Alright well I'm done with ideas I'll vote myself as a tasting judge


----------



## ErieAngler

I like the T-Shirt Idea. I have a buddy who could probably help us with that. Scott and I will have a leg up on the competition in a couple weekends - After I reveal most my secrets


----------



## I_Shock_Em

That camping idea sounds like a good time there Goose. This cookoff could prove to be quite interesting


----------



## goose commander

hey the T-shirt ideas works for me..i could always use a new cloths in my wardrobe away.lol. i can tell you this men, there is nooo way my wife will let all of us invade her kitchen down there. i have a large grill and a grate over an open pit for cooking.scott you cant judge and be in the cook off. so there will need to be a third unbias party. i agree mark, should be very interesting. let the bragging begin!!!!!


----------



## ErieAngler

goose commander said:


> hey the T-shirt ideas works for me..i could always use a new cloths in my wardrobe away.lol. i can tell you this men, there is nooo way my wife will let all of us invade her kitchen down there. i have a large grill and a grate over an open pit for cooking.scott you cant judge and be in the cook off. so there will need to be a third unbias party. i agree mark, should be very interesting. let the bragging begin!!!!!

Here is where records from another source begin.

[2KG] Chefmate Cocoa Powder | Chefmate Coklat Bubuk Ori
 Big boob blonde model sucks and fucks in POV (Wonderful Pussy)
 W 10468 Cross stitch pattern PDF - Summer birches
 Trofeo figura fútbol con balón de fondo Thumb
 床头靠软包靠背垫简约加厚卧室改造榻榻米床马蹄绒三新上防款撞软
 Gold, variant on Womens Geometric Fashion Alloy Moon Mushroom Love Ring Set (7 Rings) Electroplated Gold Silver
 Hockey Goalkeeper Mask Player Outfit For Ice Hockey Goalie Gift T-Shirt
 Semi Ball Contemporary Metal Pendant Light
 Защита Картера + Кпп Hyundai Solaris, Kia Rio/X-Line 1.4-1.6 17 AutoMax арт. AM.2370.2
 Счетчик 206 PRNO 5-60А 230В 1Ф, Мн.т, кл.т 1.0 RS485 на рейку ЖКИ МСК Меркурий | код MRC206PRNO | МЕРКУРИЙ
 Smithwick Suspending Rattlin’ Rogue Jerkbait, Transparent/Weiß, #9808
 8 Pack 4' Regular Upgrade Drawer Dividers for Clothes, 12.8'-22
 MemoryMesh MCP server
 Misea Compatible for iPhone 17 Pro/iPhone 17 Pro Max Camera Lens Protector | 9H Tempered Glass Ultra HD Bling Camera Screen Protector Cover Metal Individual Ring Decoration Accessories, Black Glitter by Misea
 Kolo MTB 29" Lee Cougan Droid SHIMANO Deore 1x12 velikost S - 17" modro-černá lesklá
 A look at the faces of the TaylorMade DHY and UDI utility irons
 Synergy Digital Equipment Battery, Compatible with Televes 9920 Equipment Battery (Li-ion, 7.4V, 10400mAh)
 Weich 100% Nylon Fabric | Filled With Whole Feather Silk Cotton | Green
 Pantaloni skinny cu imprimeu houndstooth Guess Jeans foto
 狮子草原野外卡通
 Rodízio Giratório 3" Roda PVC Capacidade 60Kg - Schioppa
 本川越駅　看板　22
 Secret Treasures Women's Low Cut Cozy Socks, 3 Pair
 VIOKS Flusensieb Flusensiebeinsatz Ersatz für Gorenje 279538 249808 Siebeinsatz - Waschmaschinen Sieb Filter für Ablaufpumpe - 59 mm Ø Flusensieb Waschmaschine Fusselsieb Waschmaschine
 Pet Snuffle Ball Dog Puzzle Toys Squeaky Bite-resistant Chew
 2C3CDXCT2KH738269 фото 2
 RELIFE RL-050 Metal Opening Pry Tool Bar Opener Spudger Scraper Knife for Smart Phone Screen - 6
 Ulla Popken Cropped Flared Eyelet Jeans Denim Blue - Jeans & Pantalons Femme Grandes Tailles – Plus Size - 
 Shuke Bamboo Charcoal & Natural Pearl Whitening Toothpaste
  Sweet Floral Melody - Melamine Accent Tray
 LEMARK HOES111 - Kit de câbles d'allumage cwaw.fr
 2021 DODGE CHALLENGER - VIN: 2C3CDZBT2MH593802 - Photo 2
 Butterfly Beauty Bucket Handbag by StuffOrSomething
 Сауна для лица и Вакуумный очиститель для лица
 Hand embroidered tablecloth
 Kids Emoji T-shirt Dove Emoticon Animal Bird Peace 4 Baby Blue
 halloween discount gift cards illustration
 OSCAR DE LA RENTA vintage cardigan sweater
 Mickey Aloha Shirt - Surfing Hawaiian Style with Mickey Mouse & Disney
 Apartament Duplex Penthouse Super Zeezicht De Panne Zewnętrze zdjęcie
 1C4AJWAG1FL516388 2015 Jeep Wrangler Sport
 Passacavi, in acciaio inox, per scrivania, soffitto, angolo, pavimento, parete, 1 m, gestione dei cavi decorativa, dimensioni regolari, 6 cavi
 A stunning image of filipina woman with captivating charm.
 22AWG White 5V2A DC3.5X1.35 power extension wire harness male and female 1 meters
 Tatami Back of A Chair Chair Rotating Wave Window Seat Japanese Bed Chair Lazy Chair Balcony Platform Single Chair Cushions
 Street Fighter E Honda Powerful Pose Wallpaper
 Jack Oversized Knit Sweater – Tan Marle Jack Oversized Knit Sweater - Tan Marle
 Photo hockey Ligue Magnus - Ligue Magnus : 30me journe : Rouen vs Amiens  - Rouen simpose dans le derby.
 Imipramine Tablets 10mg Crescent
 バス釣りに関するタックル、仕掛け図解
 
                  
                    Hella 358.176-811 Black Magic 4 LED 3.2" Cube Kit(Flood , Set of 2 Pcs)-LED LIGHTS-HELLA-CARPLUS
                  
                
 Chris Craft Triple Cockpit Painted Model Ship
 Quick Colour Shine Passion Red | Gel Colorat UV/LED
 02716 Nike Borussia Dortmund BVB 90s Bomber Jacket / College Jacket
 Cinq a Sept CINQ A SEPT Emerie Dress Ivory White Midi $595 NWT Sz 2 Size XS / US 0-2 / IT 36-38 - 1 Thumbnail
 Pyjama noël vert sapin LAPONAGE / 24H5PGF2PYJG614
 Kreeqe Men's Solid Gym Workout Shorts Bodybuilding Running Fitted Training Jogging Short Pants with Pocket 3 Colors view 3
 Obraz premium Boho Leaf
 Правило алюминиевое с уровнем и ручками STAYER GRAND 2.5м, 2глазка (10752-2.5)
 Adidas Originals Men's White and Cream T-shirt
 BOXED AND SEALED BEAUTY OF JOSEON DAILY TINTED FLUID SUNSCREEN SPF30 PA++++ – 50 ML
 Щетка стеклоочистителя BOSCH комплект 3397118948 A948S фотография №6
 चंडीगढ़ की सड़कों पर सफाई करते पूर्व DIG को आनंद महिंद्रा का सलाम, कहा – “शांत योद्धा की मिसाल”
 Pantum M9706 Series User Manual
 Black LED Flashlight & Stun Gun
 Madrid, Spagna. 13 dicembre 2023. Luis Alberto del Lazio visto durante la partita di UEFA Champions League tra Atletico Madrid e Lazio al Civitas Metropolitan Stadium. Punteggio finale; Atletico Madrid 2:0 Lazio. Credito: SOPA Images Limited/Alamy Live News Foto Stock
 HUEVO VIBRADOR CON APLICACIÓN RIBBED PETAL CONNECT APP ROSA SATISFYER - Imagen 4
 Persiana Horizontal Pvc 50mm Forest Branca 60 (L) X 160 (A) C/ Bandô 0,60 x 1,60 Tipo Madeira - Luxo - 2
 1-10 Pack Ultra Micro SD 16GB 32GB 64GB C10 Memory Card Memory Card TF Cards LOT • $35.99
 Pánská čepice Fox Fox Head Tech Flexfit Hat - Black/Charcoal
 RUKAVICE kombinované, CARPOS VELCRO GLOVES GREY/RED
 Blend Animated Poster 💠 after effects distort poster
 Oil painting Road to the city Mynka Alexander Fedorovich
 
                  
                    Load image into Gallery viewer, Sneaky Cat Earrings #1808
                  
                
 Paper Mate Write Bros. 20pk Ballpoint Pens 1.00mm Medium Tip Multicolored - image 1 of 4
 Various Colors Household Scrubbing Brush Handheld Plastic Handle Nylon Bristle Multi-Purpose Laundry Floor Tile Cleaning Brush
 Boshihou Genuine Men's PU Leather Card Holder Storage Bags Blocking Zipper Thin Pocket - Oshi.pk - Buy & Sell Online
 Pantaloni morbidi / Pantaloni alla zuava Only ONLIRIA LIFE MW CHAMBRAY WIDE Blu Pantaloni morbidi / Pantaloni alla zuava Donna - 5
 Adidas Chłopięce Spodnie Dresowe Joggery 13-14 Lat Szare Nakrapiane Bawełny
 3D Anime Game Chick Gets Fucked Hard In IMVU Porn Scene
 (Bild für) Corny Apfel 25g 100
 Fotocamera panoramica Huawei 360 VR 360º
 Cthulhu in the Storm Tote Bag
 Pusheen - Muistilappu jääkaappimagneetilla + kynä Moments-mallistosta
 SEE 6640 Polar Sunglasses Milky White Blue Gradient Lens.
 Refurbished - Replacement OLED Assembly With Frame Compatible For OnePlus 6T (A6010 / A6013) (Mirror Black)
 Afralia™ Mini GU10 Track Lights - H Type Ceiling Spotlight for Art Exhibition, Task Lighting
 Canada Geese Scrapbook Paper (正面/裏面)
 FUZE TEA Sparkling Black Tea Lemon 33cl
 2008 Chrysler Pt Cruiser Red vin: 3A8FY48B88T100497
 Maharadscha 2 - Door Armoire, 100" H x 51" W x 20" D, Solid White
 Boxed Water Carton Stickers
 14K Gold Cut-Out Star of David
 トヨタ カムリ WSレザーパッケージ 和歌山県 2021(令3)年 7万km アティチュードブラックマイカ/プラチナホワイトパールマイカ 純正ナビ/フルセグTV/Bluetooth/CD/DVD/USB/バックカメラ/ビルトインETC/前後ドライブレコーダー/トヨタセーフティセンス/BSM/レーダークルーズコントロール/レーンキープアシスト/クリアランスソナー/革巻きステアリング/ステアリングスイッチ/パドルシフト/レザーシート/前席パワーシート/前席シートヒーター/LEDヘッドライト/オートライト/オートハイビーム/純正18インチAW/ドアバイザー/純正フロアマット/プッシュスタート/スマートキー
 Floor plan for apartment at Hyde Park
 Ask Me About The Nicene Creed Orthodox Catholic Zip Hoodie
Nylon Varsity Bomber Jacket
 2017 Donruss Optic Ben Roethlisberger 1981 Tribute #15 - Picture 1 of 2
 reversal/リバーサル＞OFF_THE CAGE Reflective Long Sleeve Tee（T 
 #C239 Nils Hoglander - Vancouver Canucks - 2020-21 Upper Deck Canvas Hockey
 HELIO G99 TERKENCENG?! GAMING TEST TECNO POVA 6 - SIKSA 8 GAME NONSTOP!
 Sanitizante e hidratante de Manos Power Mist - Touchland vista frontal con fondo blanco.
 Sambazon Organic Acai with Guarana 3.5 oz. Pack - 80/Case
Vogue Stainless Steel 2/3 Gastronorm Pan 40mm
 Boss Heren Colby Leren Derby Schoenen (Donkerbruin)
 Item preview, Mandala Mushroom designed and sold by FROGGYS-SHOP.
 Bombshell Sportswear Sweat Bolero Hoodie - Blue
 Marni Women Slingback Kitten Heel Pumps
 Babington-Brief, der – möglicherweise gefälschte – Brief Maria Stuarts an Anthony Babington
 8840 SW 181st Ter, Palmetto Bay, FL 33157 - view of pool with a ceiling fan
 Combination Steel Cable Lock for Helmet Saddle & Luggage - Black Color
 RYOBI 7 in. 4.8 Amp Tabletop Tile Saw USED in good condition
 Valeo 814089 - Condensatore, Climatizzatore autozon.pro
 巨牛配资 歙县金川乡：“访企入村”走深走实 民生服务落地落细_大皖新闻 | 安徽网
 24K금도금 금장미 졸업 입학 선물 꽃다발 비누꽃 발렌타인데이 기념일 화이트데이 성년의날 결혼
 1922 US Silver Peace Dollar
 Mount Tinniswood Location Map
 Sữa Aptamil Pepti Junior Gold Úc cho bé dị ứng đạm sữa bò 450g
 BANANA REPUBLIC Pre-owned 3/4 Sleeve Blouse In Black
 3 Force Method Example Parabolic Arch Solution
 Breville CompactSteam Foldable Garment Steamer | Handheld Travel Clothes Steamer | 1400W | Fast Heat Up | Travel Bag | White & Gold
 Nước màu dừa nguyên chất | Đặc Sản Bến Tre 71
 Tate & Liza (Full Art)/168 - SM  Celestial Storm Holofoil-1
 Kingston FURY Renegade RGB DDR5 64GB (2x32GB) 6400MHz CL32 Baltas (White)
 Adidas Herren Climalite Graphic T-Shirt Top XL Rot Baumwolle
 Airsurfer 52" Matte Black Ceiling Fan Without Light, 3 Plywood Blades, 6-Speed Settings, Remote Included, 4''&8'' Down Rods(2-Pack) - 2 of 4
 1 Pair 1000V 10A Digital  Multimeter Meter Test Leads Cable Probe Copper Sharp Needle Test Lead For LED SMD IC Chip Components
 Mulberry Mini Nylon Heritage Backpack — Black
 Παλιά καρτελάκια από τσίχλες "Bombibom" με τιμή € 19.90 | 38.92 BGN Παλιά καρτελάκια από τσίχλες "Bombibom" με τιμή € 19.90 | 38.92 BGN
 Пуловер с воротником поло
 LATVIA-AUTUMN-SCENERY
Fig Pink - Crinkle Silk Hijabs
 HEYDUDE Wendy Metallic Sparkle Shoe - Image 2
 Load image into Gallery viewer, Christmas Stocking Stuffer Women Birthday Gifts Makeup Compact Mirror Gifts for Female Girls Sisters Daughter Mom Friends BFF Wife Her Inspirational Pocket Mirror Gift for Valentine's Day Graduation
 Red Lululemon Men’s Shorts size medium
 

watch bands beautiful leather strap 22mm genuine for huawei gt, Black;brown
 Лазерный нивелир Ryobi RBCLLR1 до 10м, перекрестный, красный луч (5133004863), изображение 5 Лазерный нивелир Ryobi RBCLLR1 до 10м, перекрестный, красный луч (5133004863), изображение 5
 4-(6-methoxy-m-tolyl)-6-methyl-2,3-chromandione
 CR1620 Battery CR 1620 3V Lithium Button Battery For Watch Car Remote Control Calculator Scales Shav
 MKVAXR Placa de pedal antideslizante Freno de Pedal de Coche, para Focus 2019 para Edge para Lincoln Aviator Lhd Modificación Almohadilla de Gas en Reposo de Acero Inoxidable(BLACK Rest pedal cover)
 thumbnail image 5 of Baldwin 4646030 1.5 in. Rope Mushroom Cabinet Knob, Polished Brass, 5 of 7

Im astounded you were able to get everyones name right!


----------



## ringmuskie9

hahahaha.. that cracks me up Andrew.. I suprised John remembered Mark's name. What is the date of the weekend?? Sounds like it will be a good time. Andrew are you going to work on some t-shirt's? or you need my assistance?


----------



## ErieAngler

We should do one of two things
1) pick a weekend during the season where we can do a morning hunt, then the cookoff. 

2) pick a weekend during the south "break" ...... that isnt near rut, where we aren't wasting any good hunting.

Scott - you and I can talk shirts when we head up for the drawing next week. The guy Im thinking of who can probably help with them should be there.....Goes by "SwampGhost" on here.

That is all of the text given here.